(Brief descriptive captions)
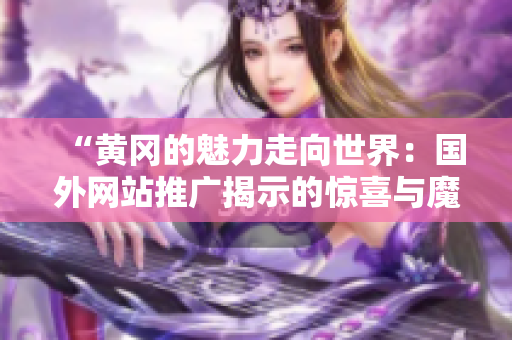 “黄冈的魅力走向世界：国外网站推广揭示的惊喜与魔力”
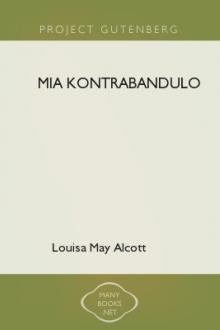 Mia Kontrabandulo by Louisa May Alcott
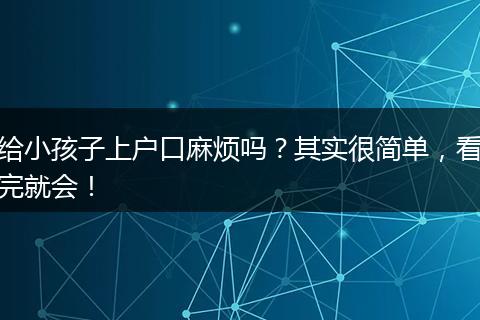 给小孩子上户口麻烦吗？其实很简单，看完就会！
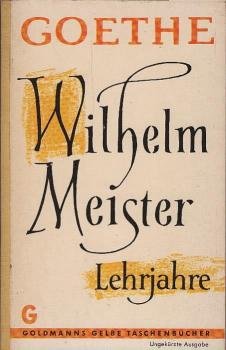Wilhelm Meisters Lehrjahre.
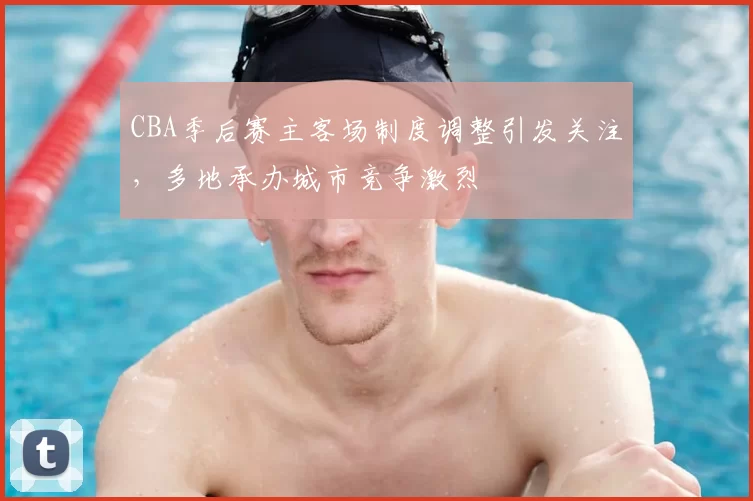 CBA季后赛主客场制度调整引发关注,多地承办城市竞争激烈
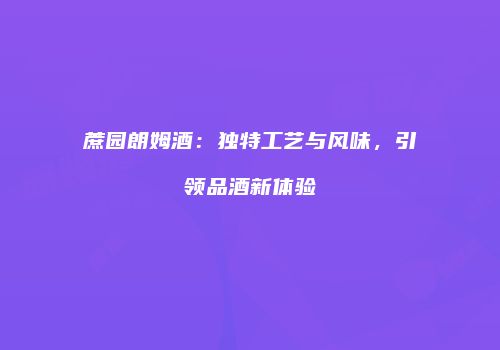 蔗园朗姆酒：独特工艺与风味，引领品酒新体验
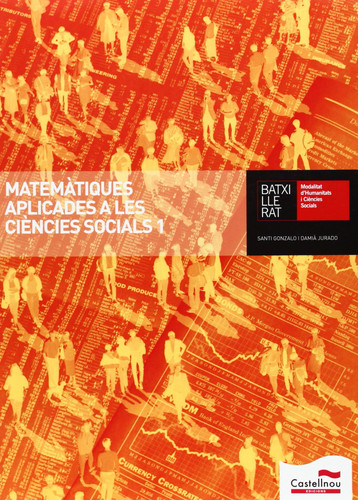 Matemàtiques aplicades a les ciències socials 1. Batxillerat (Catalan Edition)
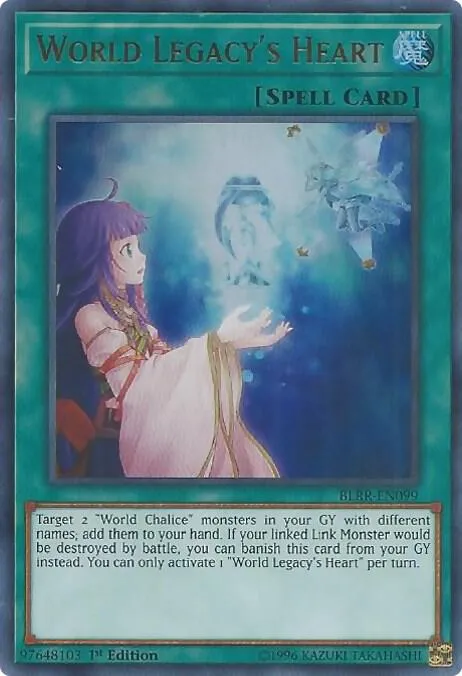 World Legacy's Heart — Battles of Legend: Relentless Revenge — Yu-Gi-Oh!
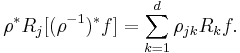 \rho^* R_j [(\rho^{-1})^*f] = \sum_{k=1}^d \rho_{jk} R_kf.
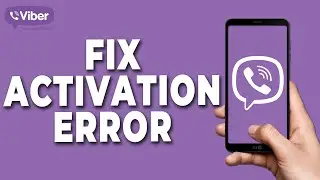 How to Fix Viber Activation Error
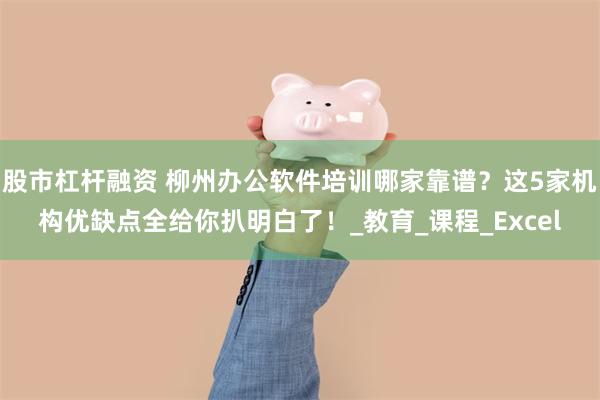 股市杠杆融资 柳州办公软件培训哪家靠谱？这5家机构优缺点全给你扒明白了！_教育_课程_Excel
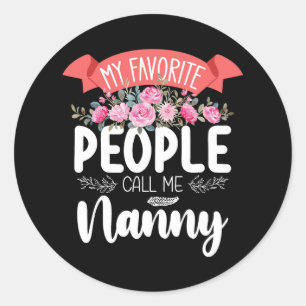 My Favourite People Call Me Nanny Mother's Day Classic Round Sticker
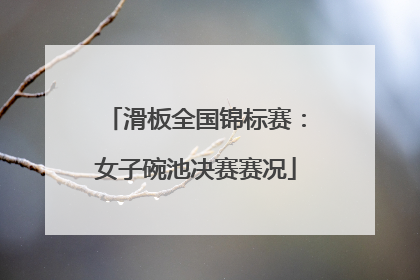滑板全国锦标赛：女子碗池决赛赛况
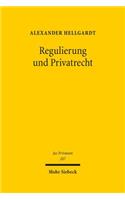 Regulierung und Privatrecht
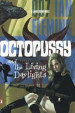 Octopussy & the Living Daylights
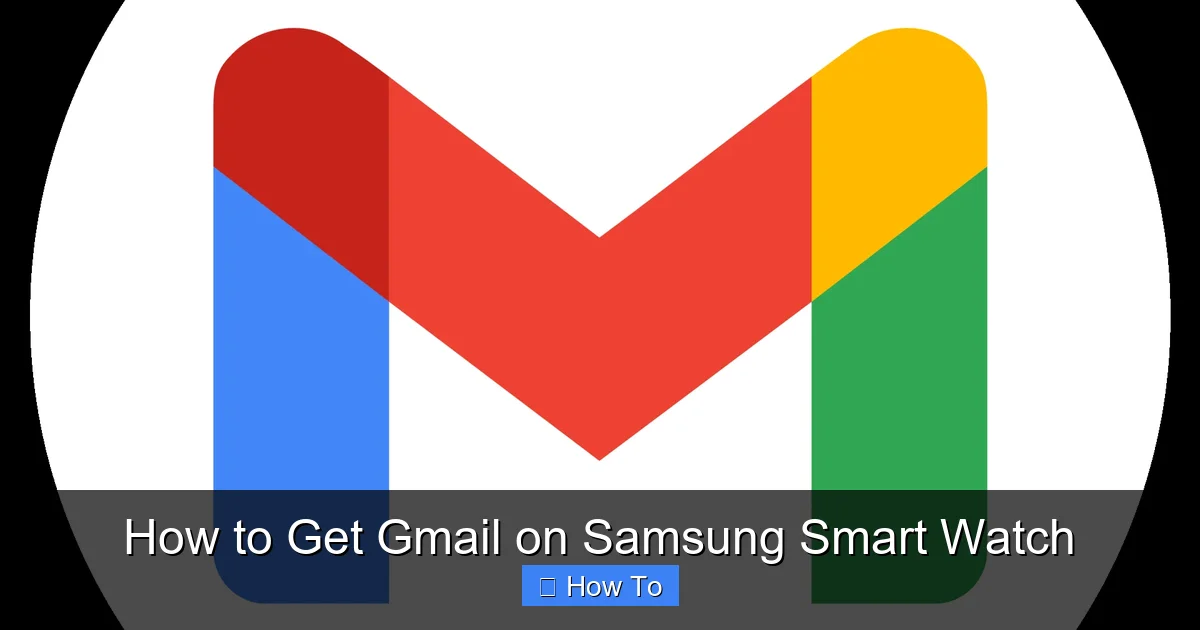 How to Get Gmail on Samsung Smart Watch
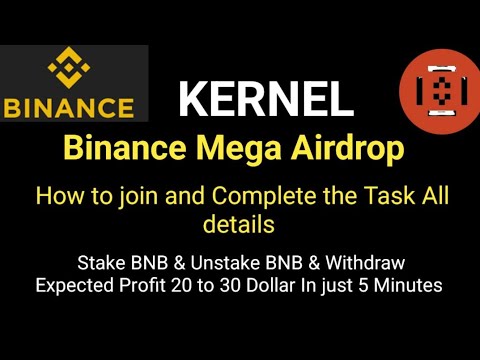 Binance kernel Mega Airdrop | Kernel airdrop | Binance Mega Airdrop
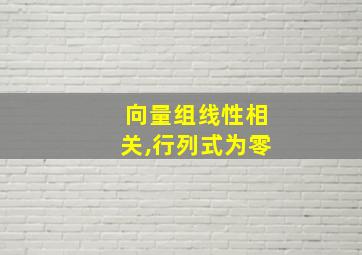 向量组线性相关,行列式为零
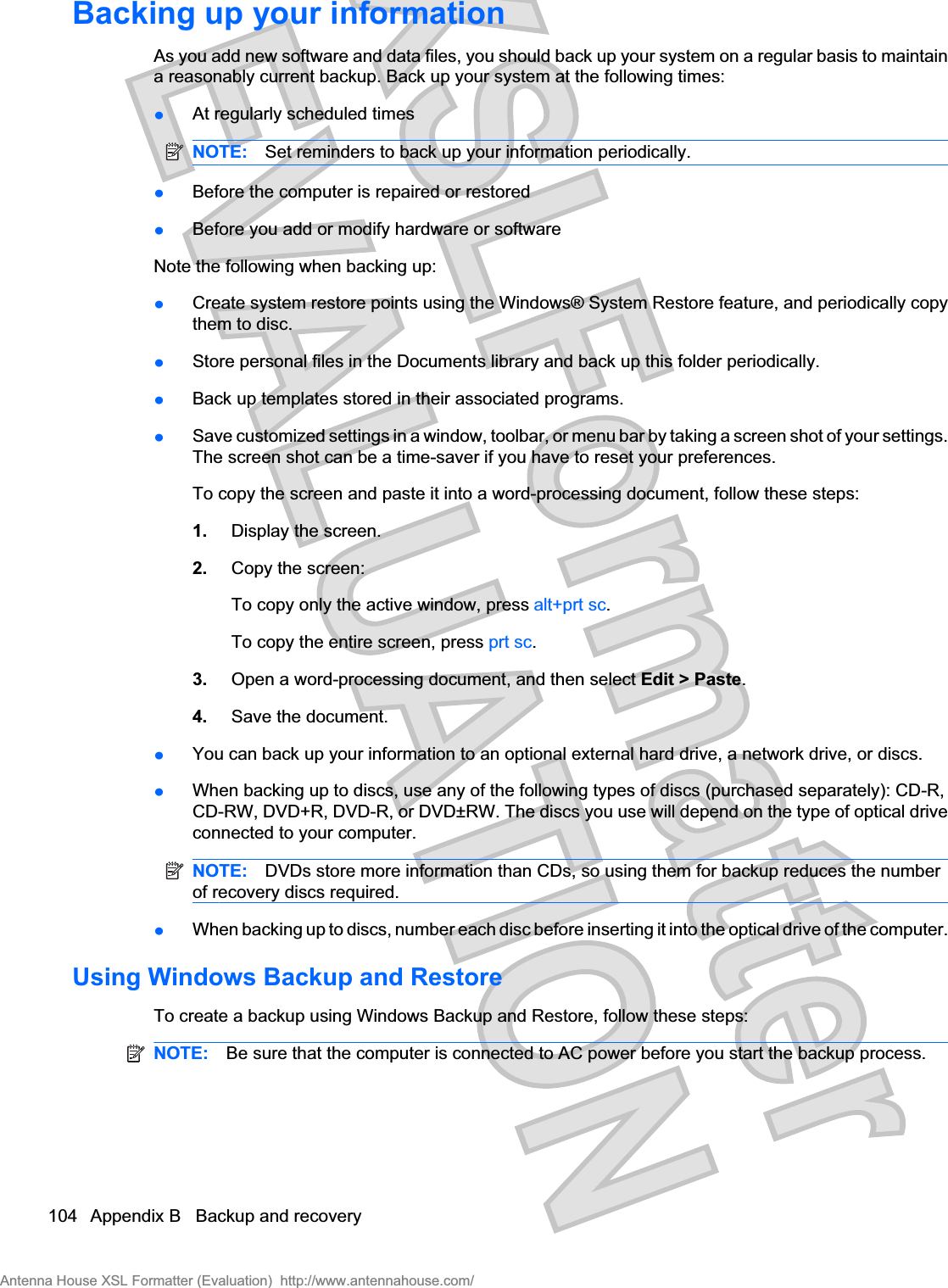 Backing up your informationAs you add new software and data files, you should back up your system on a regular basis to maintaina reasonably current backup. Back up your system at the following times:łAt regularly scheduled timesNOTE: Set reminders to back up your information periodically.łBefore the computer is repaired or restoredłBefore you add or modify hardware or softwareNote the following when backing up:łCreate system restore points using the Windows® System Restore feature, and periodically copythem to disc.łStore personal files in the Documents library and back up this folder periodically.łBack up templates stored in their associated programs.łSave customized settings in a window, toolbar, or menu bar by taking a screen shot of your settings.The screen shot can be a time-saver if you have to reset your preferences.To copy the screen and paste it into a word-processing document, follow these steps:1. Display the screen.2. Copy the screen:To copy only the active window, press alt+prt sc.To copy the entire screen, press prt sc.3. Open a word-processing document, and then select Edit &gt; Paste.4. Save the document.łYou can back up your information to an optional external hard drive, a network drive, or discs.łWhen backing up to discs, use any of the following types of discs (purchased separately): CD-R,CD-RW, DVD+R, DVD-R, or DVD±RW. The discs you use will depend on the type of optical driveconnected to your computer.NOTE: DVDs store more information than CDs, so using them for backup reduces the numberof recovery discs required.łWhen backing up to discs, number each disc before inserting it into the optical drive of the computer.Using Windows Backup and RestoreTo create a backup using Windows Backup and Restore, follow these steps:NOTE: Be sure that the computer is connected to AC power before you start the backup process.104 Appendix B   Backup and recoveryAntenna House XSL Formatter (Evaluation)  http://www.antennahouse.com/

--- Task statement ---
Repeat the lines above exactly, beginning with the one containing "滑板全国锦标赛：女子碗池决赛赛况" and finishing with the one containing "向量组线性相关,行列式为零". No pictures belong in the copy.

--- Written solution ---
滑板全国锦标赛：女子碗池决赛赛况
 Regulierung und Privatrecht
 Octopussy & the Living Daylights
 How to Get Gmail on Samsung Smart Watch
 Binance kernel Mega Airdrop | Kernel airdrop | Binance Mega Airdrop
 向量组线性相关,行列式为零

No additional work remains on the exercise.